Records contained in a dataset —
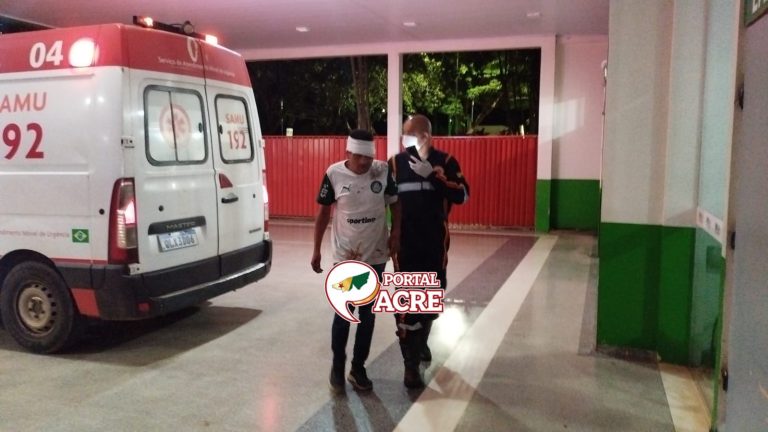 Homem é atacado enquanto dormia em calçada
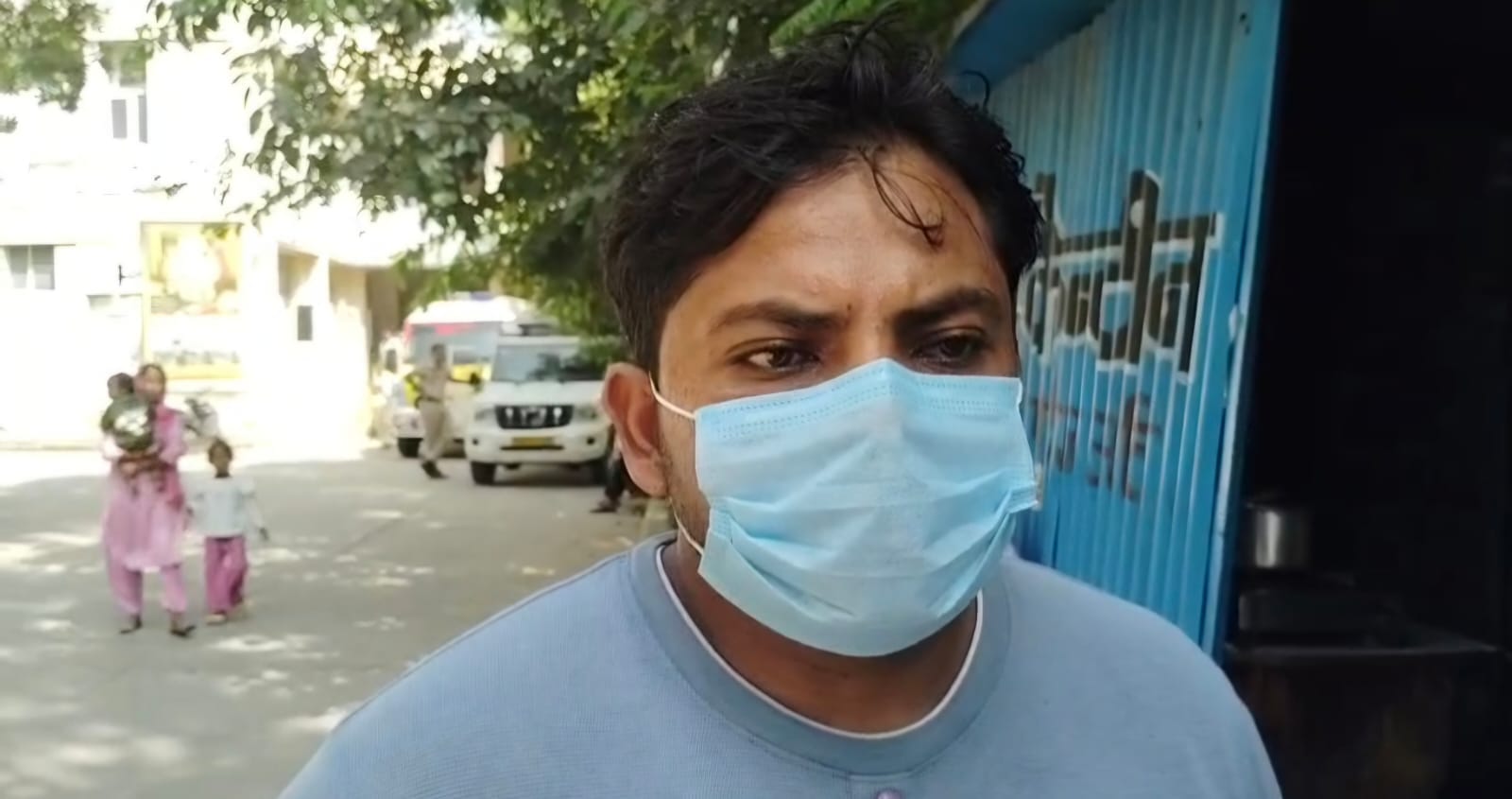 फोटो :: मामले की जानकारी देता विक्की का भाई आकाश।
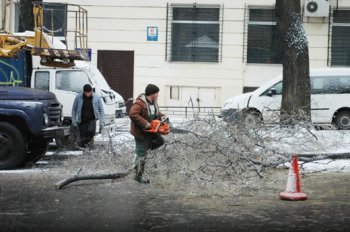 Коммунальные службы продолжают устранение последствий непогоды в Одессе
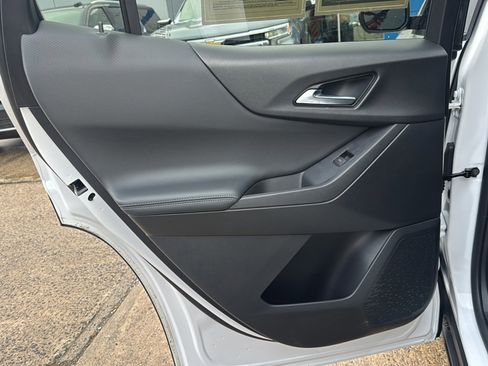 Used 2025 Chevrolet Equinox LT w/ Convenience Package II image 19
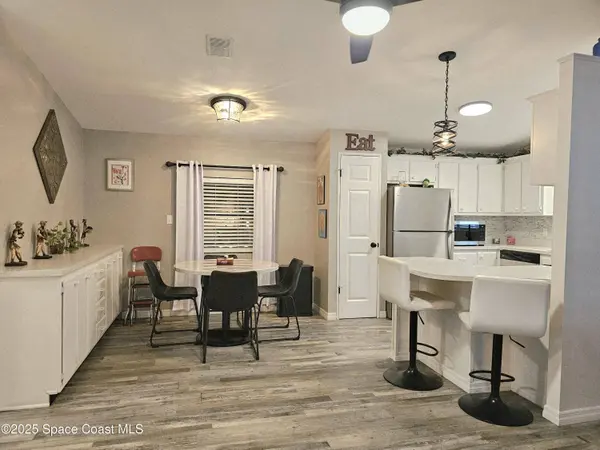 1809 Mango ST NE, Palm Bay, FL 32905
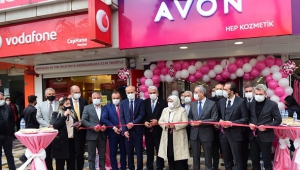 Avon, mağaza konsepti ile Kahramanmaraş’ta..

AIM OF THE EXERCISE — Write the entries out in full and exactly, omitting every picture.

ANSWER FOR THE TASK —
 Homem é atacado enquanto dormia em calçada
 फोटो :: मामले की जानकारी देता विक्की का भाई आकाश।
 Коммунальные службы продолжают устранение последствий непогоды в Одессе
 Used 2025 Chevrolet Equinox LT w/ Convenience Package II image 19
 1809 Mango ST NE, Palm Bay, FL 32905
 Avon, mağaza konsepti ile Kahramanmaraş’ta..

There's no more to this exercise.